Senior Data Engineer
Tealbook
- Developed a robust web scraping solution using Python, Scrapy, and Selenium. This enabled the efficient extraction of certification data from various sources. I transformed and preprocessed the data using Apache Airflow, ensuring consistency and quality.
- Collaborated with cross-functional teams, using data engineering best practices. Leveraging DBT, I defined data models and ETL processes. Robust data-quality checks and monitoring mechanisms addressed integrity and consistency issues.
- Benefited from reliable and accurate certification data that supports informed decision-making and drives business growth.
Senior Data Analytics Consultant
Systems Limited
- Built and architected multiple data pipelines and end-to-end ETL processes for data ingestion and transformation in GCP.
- Prepared and coordinated tasks among the team I managed.

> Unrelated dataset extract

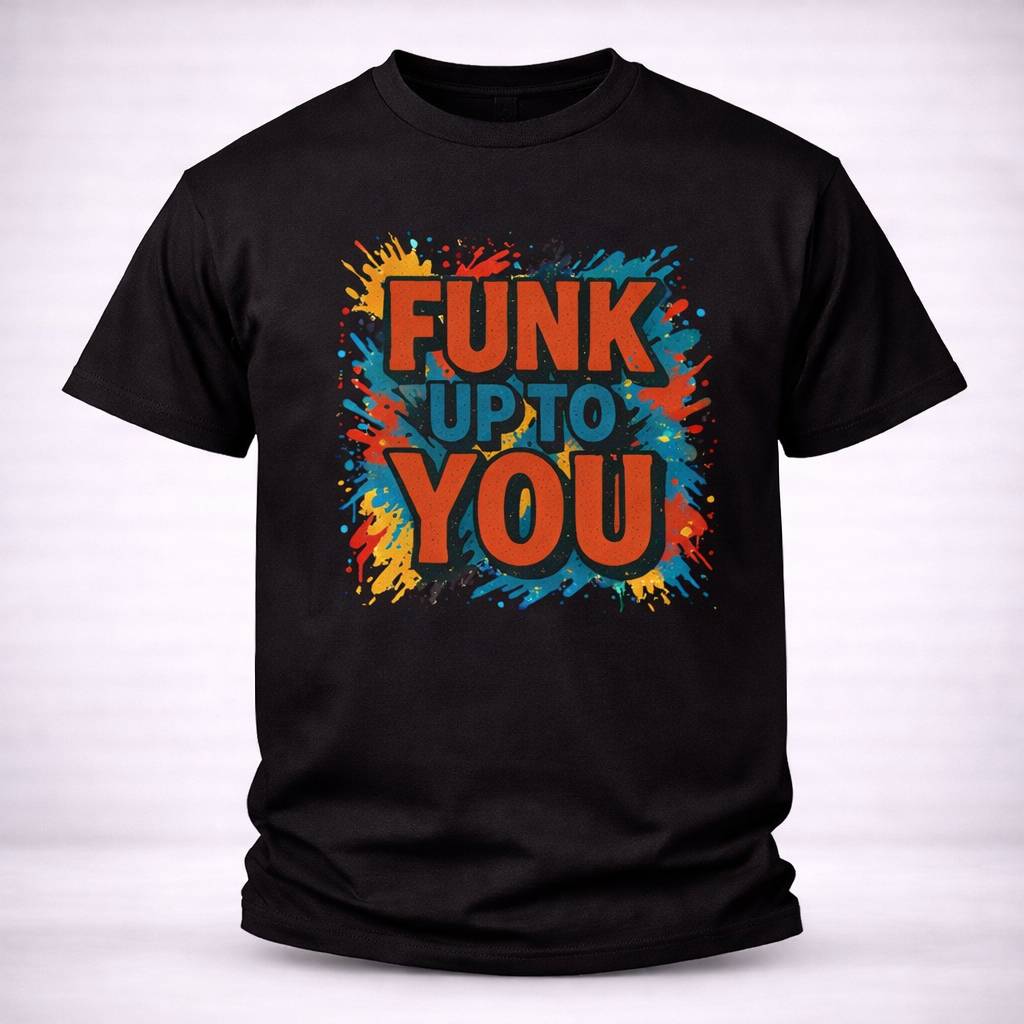T-shirt FUNK UP TO YOU
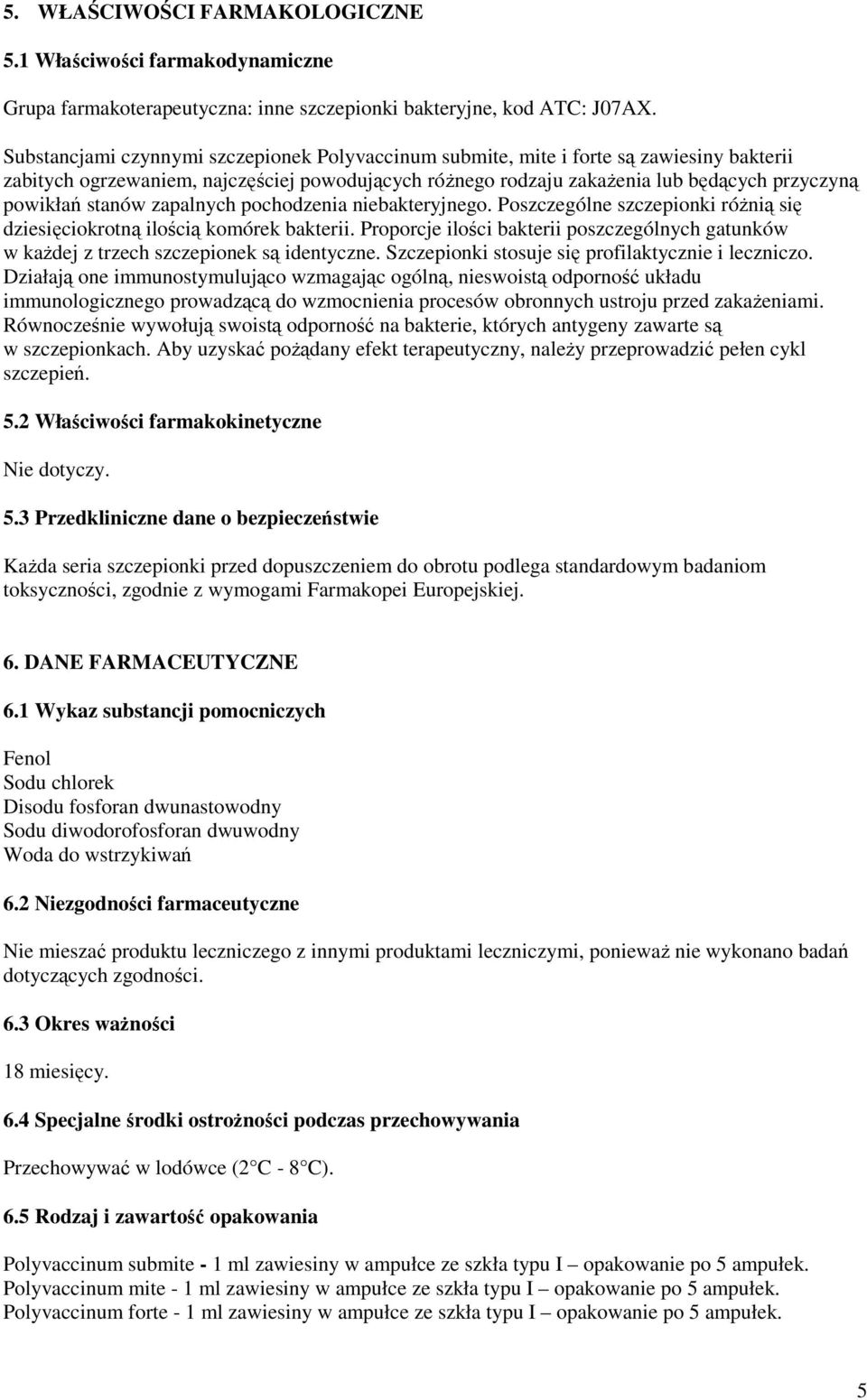 stanów zapalnych pochodzenia niebakteryjnego. Poszczególne szczepionki różnią się dziesięciokrotną ilością komórek bakterii.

- Designed and created various layers of the data lake.
- Executed test cases to identify potential issues with ETL jobs and ensure data sanity and integrity in the database.
- Integrated more than 20 sources to give customers a 360-degree view.
ETL/BI Developer
Analytics Private Limited
- Managed and mentored a team of five resources and collaborated with clients to understand data needs and maintain a close working relationship.
- Performed data modeling and led an enterprise data warehouse (EDW) implementation project.
- Designed and developed end-to-end ETL pipelines and tested processes for data validation before loading it into a data warehouse.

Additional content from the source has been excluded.